**ABOUT THIS TASK**
From the material below, please set down exactly the lines starting with the one with "２０２４年新年庆祝大演出隆重举行" and going on through the one with "Forever 21 Long", without a single picture.

**DATA FOR THIS TASK**
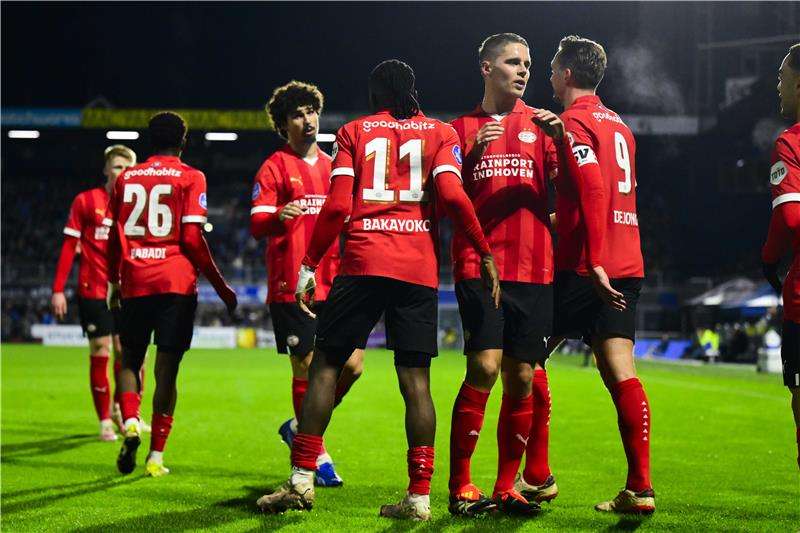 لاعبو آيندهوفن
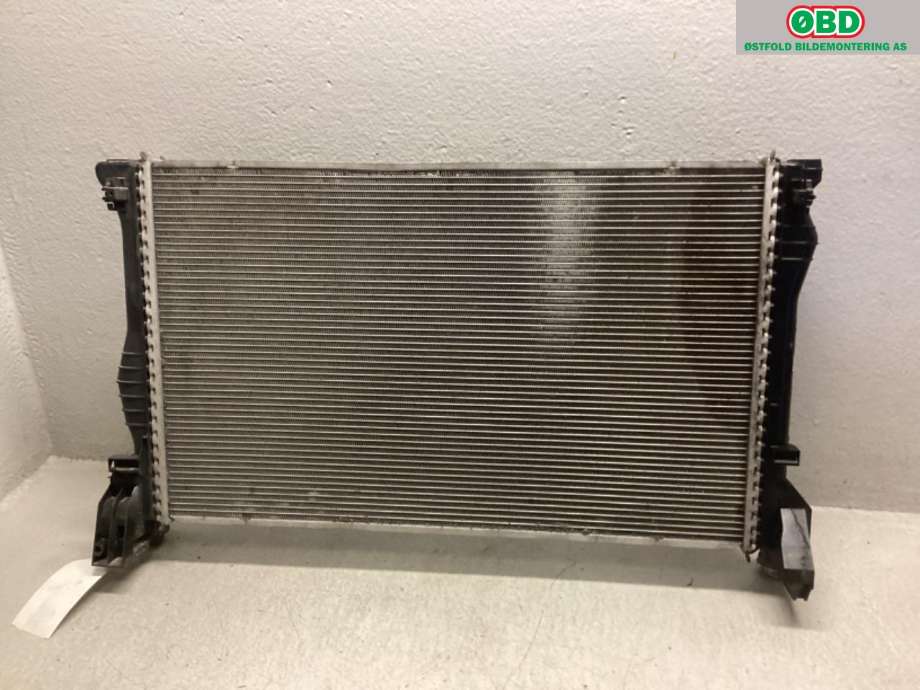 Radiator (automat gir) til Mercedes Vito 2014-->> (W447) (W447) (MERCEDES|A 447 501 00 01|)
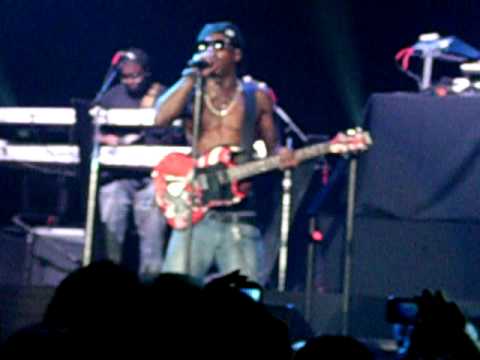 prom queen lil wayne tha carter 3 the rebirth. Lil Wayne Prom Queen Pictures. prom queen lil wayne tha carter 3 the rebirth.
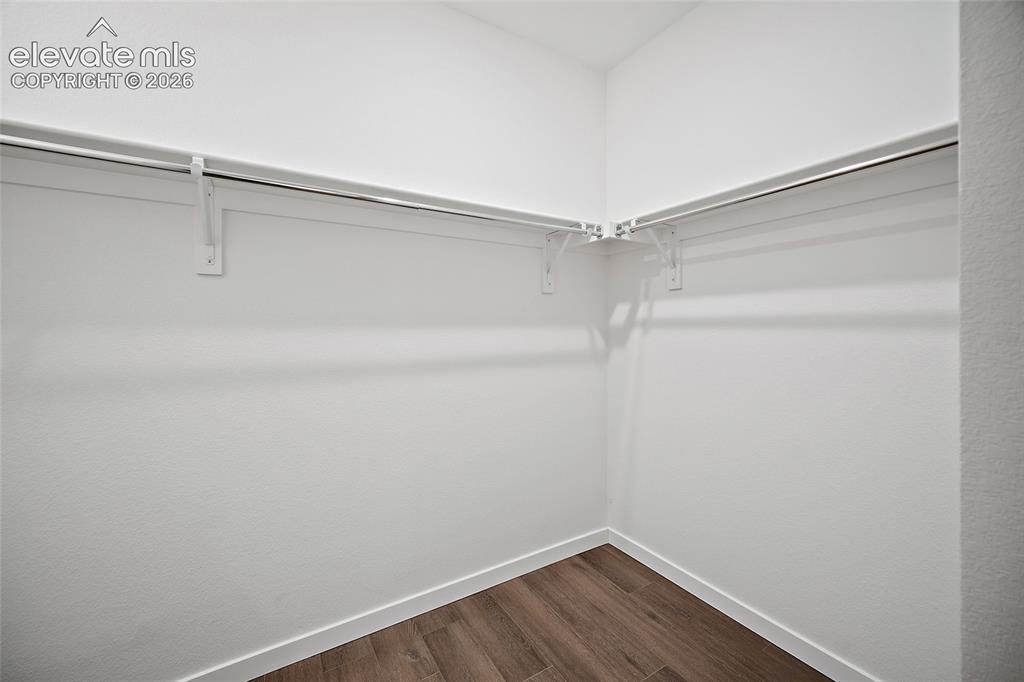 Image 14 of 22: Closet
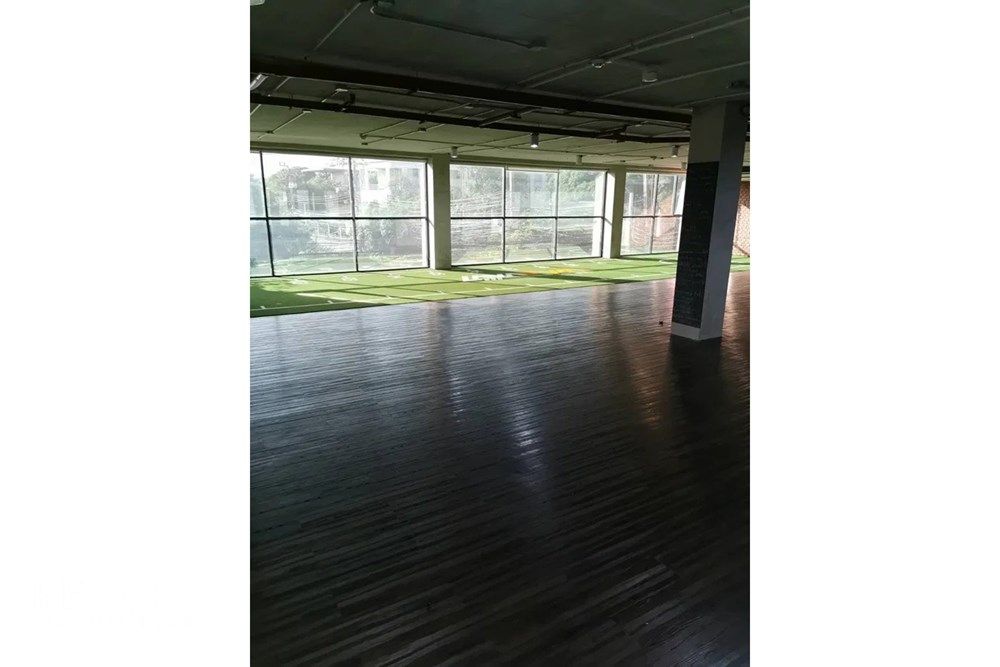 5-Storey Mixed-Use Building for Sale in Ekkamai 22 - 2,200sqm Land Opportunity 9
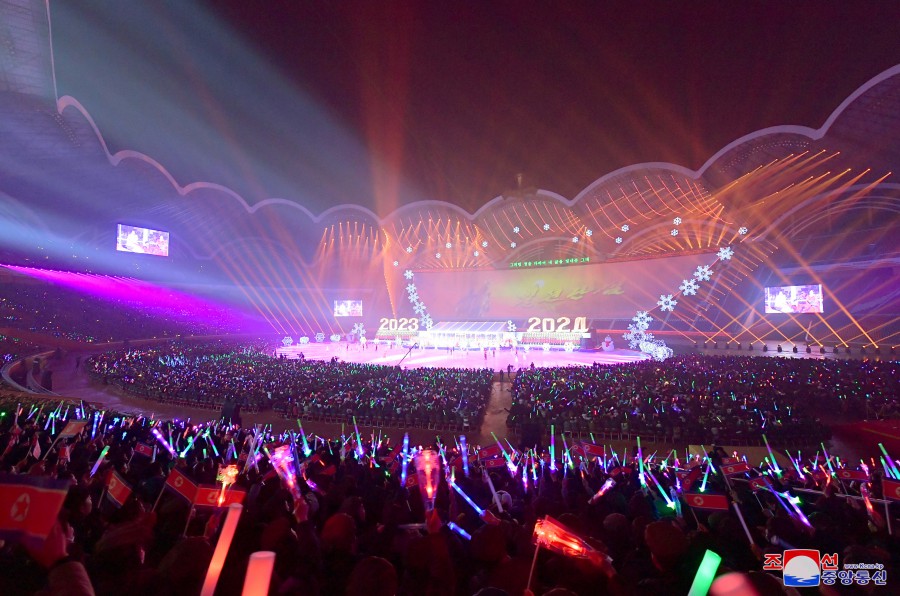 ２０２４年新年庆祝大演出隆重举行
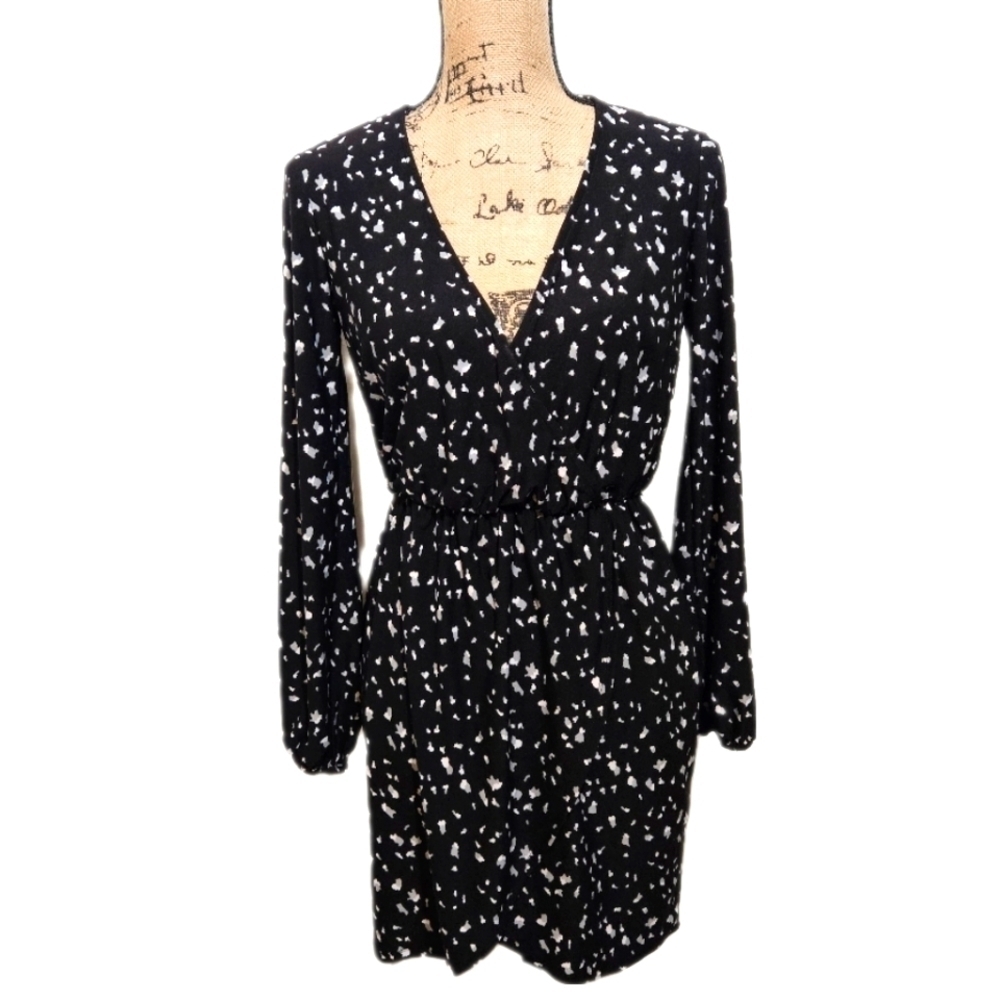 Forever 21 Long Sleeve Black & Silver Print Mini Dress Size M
---
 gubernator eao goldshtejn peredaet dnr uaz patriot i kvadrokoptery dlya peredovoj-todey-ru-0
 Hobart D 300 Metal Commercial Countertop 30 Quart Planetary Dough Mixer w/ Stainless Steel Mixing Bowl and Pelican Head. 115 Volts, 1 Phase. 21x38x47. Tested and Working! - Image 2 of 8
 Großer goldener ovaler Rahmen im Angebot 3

**SOLUTION FOR THIS PROBLEM**
 ２０２４年新年庆祝大演出隆重举行
 Forever 21 Long Sleeve Black & Silver Print Mini Dress Size M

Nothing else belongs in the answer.